**** THE DATA
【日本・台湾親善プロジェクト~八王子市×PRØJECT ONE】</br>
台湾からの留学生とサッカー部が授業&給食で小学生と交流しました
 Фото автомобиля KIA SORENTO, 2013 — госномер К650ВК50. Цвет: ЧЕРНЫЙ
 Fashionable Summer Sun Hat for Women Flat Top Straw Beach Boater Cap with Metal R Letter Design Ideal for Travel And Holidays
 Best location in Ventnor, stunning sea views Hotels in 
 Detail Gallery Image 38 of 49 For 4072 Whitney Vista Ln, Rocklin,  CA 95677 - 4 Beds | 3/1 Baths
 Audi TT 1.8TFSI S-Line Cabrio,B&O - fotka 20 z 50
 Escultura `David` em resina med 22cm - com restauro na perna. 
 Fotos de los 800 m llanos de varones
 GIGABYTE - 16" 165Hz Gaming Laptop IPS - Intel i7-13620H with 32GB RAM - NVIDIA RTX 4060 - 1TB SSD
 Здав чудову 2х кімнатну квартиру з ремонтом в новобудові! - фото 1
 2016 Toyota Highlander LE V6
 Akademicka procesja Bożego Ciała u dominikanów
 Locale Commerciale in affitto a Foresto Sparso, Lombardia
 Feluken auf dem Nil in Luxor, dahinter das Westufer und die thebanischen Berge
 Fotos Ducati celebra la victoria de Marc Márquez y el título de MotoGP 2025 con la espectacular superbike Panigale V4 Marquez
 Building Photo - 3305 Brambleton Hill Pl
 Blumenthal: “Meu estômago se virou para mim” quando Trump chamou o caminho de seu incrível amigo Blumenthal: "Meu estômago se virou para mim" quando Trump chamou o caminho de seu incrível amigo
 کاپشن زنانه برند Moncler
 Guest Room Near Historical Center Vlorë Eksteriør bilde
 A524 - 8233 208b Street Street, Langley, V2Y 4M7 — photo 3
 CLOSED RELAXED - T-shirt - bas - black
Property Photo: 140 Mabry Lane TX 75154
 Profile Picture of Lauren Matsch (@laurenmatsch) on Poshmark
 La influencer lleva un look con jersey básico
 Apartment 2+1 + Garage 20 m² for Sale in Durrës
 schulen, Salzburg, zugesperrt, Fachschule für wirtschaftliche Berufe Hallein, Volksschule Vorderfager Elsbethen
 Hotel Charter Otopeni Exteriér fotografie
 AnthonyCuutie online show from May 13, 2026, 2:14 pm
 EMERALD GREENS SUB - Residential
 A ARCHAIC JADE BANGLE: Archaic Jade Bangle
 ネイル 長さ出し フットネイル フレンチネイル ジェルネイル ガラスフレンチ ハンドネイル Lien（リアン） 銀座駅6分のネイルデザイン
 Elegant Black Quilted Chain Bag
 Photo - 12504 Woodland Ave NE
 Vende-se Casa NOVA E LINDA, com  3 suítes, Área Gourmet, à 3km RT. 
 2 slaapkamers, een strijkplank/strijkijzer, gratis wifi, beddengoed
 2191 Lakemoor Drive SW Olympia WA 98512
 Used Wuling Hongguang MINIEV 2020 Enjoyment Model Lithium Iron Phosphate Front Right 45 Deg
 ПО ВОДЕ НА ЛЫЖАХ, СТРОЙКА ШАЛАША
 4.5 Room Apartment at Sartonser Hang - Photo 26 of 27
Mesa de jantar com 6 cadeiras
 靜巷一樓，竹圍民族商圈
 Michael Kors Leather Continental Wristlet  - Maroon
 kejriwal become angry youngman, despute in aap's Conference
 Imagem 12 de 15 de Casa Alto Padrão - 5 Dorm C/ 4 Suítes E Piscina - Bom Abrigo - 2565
********
GOAL OF THE EXERCISE – Count every line of the material above that holds the string "Fotos", then state only the total.

ANSWER FOR THIS EXERCISE – 2